In the listing below, find the line with "Water Pipe 10PK" and the line with "Creative Silicone Honeycomb", then return them and every line between them exactly, minus the pictures.

__DATA EXCERPTS__

######

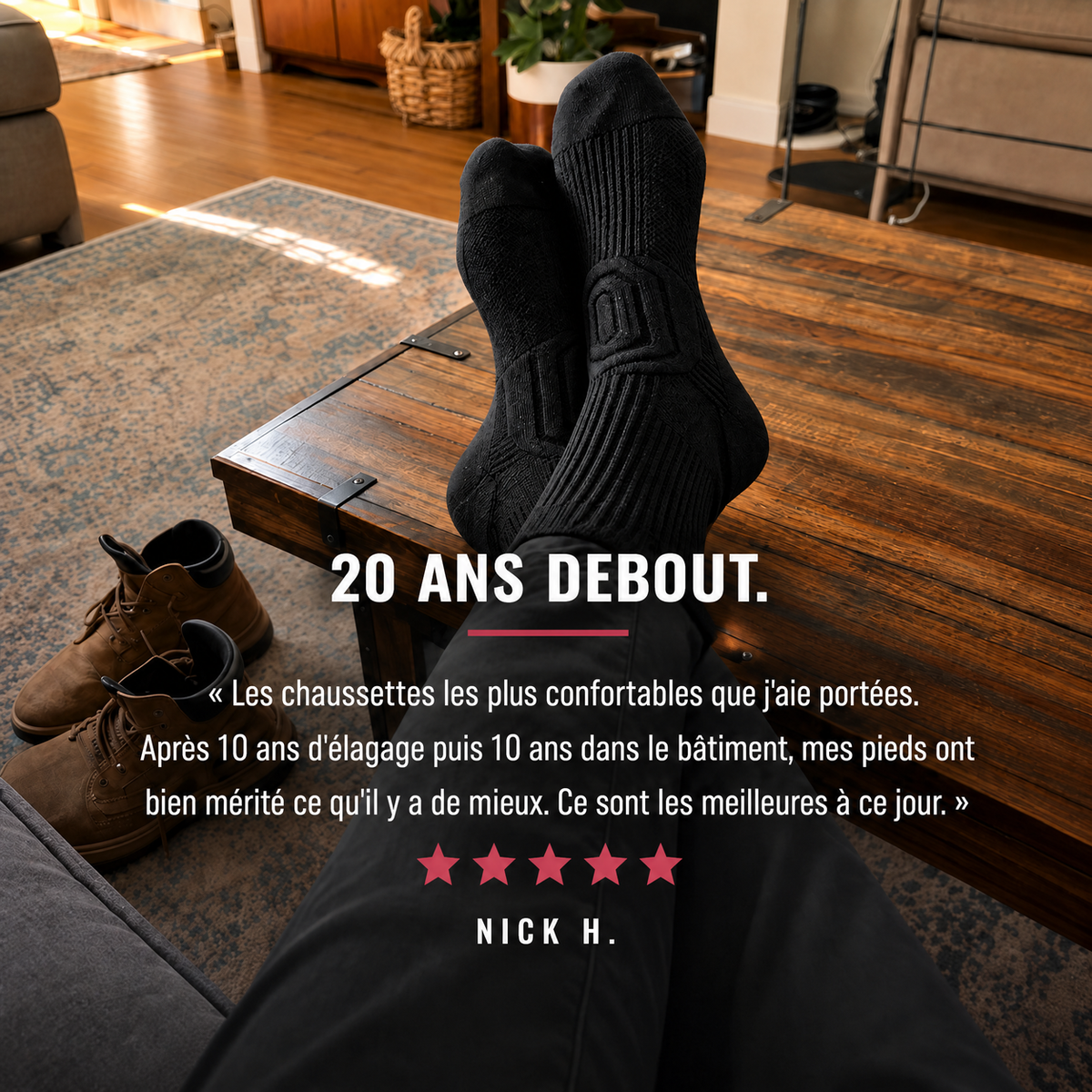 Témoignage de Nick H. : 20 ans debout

######

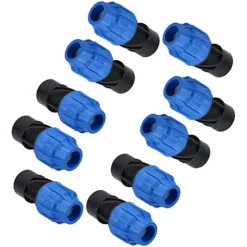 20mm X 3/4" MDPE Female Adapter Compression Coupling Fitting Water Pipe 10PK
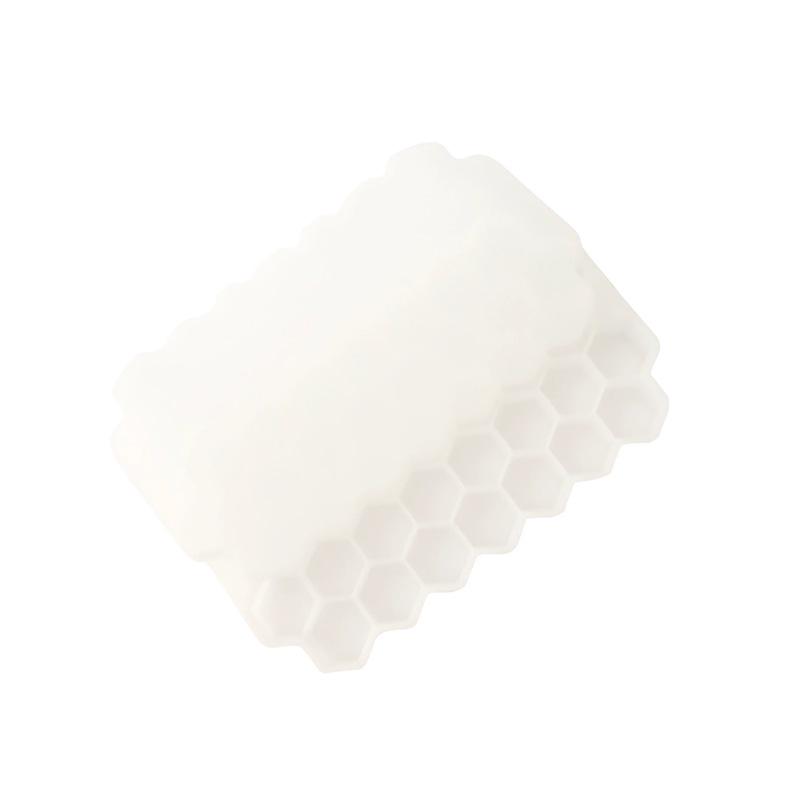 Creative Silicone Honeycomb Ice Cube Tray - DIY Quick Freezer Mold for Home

######

__ANSWER BELOW__
 20mm X 3/4" MDPE Female Adapter Compression Coupling Fitting Water Pipe 10PK
 Creative Silicone Honeycomb Ice Cube Tray - DIY Quick Freezer Mold for Home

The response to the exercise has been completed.